References and Further Reading

Neural Networks and Deep Learning – Michael Nielsen http://neuralnetworksanddeeplearning.com/

This is one of the clearest introductions to neural networks ever written. Nielsen explains neurons, layers, backpropagation, and training from first principles with interactive visualizations. Chapter 1 covers what a neuron computes and why networks can learn complex functions. Reading this will give you a solid intuitive foundation before diving into deeper theory. Nielsen’s approach prioritizes understanding over formalism, making it perfect for engineers learning neural networks for the first time.

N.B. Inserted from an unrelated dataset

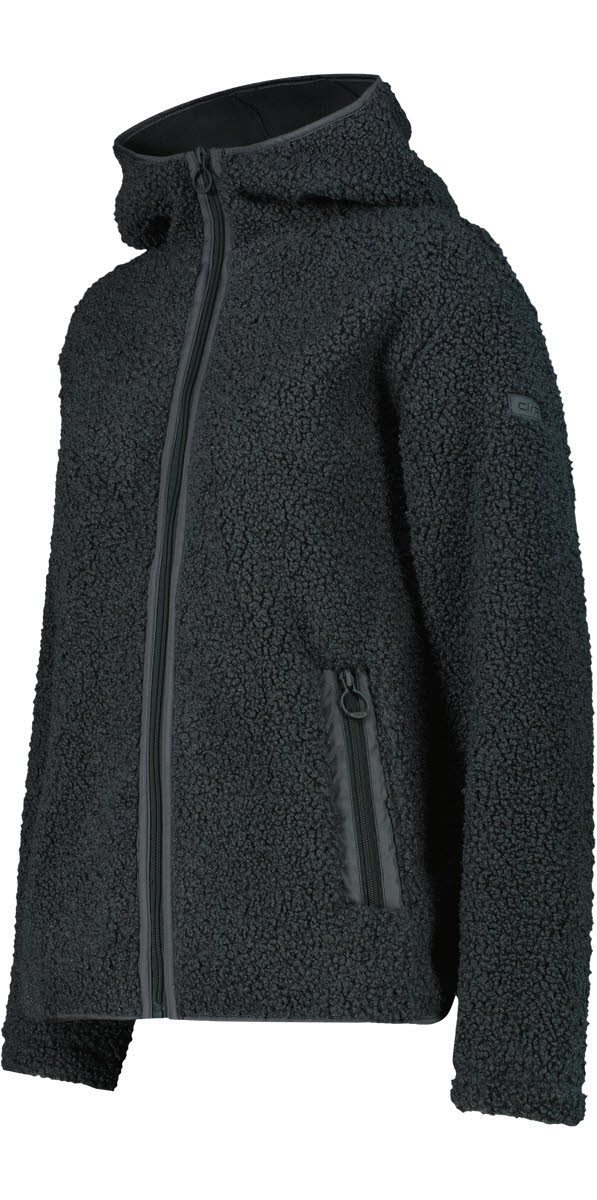 CMP WOMAN JACKET FIX HOOD Damen Fleecejacke Kapuzenjacke jungle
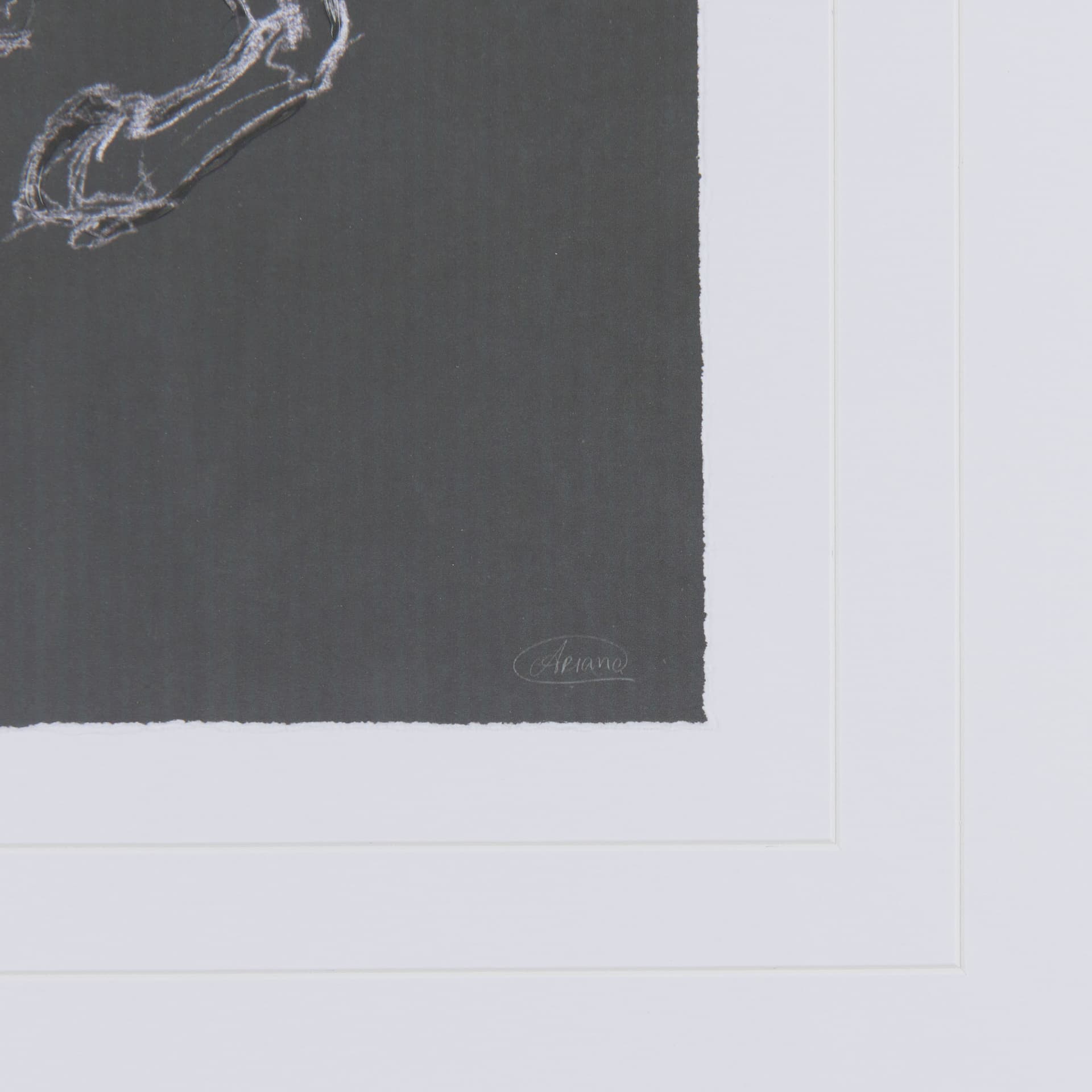 Horse III by Mercana Studio a Hand Embellished Textured Framed Art Print Matted under Glass — product photograph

Deep Learning, Chapter 6 – Ian Goodfellow, Yoshua Bengio, Aaron Courville https://www.deeplearningbook.org/

This is the canonical textbook on deep learning. Chapter 6 covers feedforward networks, including the mathematical details of neurons, activations, and universal approximation theorems. It’s more rigorous than Nielsen but essential for understanding why neural networks work mathematically. The universal approximation theorem is proved, activation functions are analyzed formally, and the connection to computational complexity is explored. If you want the theoretical foundations, read this.

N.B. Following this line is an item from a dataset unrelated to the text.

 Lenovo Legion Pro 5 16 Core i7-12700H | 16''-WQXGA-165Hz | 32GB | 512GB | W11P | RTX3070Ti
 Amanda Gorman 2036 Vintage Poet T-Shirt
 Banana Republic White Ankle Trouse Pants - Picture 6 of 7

Delving Deep into Rectifiers: Surpassing Human-Level Performance on ImageNet Classification – Kaiming He, Xiangyu Zhang, Shaoqing Ren, Jian Sun (2015) https://arxiv.org/abs/1502.01852

This paper introduces He initialization, now the standard for ReLU networks, and shows why proper initialization is critical for training very deep networks. He et al. demonstrate that Xavier initialization fails for ReLU activations because ReLU zeros out half the gradients. By scaling the initialization variance by 2 instead of 1, He initialization compensates for this and enables training of networks with 30+ layers—previously impossible. The paper also introduces the Parametric ReLU (PReLU), a learnable alternative to Leaky ReLU. Understanding initialization is essential for debugging training failures, and this paper is the definitive reference.